#### [PROBLEM STATEMENT]
Lines from the one containing "Used 2027 McLaren 750S Spider photo 7" through the last line of the records below are to be repeated exactly.

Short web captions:

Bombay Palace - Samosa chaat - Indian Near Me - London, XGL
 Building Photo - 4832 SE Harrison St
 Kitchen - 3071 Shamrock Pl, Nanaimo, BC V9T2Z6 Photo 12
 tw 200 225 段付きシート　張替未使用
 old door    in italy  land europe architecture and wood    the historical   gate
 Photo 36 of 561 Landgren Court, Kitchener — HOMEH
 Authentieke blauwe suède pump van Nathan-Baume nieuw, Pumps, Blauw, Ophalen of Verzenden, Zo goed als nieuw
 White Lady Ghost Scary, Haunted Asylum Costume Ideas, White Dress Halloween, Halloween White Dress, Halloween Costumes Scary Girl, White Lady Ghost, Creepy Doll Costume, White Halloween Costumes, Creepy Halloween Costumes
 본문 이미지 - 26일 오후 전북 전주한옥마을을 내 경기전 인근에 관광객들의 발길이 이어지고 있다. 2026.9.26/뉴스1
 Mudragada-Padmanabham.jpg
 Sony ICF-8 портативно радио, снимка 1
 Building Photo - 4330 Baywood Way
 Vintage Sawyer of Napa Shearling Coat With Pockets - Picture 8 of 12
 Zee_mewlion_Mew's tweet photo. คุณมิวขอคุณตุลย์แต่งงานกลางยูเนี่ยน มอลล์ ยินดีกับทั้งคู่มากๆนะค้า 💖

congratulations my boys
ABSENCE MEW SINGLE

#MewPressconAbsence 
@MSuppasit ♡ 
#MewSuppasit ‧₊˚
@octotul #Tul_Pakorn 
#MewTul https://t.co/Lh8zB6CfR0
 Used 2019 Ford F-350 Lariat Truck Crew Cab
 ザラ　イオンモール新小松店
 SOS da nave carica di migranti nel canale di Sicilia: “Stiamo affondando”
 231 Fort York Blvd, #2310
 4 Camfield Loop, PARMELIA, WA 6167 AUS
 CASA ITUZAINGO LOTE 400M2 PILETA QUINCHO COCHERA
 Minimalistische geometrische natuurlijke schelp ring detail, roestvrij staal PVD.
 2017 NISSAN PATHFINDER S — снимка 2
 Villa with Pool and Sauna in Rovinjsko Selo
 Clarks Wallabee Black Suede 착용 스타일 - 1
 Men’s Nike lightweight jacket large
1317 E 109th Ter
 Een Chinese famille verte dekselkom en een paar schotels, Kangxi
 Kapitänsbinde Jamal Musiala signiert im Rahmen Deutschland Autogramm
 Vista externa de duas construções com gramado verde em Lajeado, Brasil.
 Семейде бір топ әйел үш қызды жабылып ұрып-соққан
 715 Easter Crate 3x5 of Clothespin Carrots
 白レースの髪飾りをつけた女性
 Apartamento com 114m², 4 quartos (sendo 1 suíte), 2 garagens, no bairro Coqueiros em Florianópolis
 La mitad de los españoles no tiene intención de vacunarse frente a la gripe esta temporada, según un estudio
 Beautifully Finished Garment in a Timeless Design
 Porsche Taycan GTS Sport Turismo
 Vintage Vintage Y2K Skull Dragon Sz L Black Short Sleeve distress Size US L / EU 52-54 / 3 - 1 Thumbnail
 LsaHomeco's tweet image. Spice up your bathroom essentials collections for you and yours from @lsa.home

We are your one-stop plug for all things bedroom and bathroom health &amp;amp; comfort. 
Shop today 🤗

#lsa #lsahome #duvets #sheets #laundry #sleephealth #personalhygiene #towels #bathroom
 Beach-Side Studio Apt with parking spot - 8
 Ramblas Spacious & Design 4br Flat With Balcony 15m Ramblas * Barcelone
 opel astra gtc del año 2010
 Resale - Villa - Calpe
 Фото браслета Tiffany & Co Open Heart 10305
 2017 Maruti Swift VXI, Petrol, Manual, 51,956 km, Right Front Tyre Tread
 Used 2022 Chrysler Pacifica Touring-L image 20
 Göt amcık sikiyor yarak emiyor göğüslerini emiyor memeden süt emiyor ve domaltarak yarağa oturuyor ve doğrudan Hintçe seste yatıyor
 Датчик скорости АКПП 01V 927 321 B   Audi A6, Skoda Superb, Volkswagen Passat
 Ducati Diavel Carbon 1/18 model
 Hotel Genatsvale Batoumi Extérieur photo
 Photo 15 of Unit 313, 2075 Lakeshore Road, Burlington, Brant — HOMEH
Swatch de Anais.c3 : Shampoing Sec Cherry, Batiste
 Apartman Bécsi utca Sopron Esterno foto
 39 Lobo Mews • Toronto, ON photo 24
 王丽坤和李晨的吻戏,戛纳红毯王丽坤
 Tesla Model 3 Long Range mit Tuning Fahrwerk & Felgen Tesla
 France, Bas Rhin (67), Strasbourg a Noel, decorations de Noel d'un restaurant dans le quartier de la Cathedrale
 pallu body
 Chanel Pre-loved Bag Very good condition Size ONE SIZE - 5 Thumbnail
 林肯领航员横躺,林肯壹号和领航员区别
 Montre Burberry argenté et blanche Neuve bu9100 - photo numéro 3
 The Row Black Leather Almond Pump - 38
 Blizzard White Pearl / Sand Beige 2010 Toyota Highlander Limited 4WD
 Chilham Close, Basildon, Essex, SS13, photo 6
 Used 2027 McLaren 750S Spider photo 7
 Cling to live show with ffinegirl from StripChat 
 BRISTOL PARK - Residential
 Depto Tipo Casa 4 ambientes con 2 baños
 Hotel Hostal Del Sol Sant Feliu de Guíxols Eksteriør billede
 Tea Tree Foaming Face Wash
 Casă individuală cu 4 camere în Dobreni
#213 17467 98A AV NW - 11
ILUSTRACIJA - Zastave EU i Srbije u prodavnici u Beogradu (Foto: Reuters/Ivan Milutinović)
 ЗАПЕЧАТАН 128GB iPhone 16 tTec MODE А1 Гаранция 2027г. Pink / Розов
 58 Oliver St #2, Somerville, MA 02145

#### [SOLUTION FOR THIS PROBLEM]
 Used 2027 McLaren 750S Spider photo 7
 Cling to live show with ffinegirl from StripChat 
 BRISTOL PARK - Residential
 Depto Tipo Casa 4 ambientes con 2 baños
 Hotel Hostal Del Sol Sant Feliu de Guíxols Eksteriør billede
 Tea Tree Foaming Face Wash
 Casă individuală cu 4 camere în Dobreni
#213 17467 98A AV NW - 11
ILUSTRACIJA - Zastave EU i Srbije u prodavnici u Beogradu (Foto: Reuters/Ivan Milutinović)
 ЗАПЕЧАТАН 128GB iPhone 16 tTec MODE А1 Гаранция 2027г. Pink / Розов
 58 Oliver St #2, Somerville, MA 02145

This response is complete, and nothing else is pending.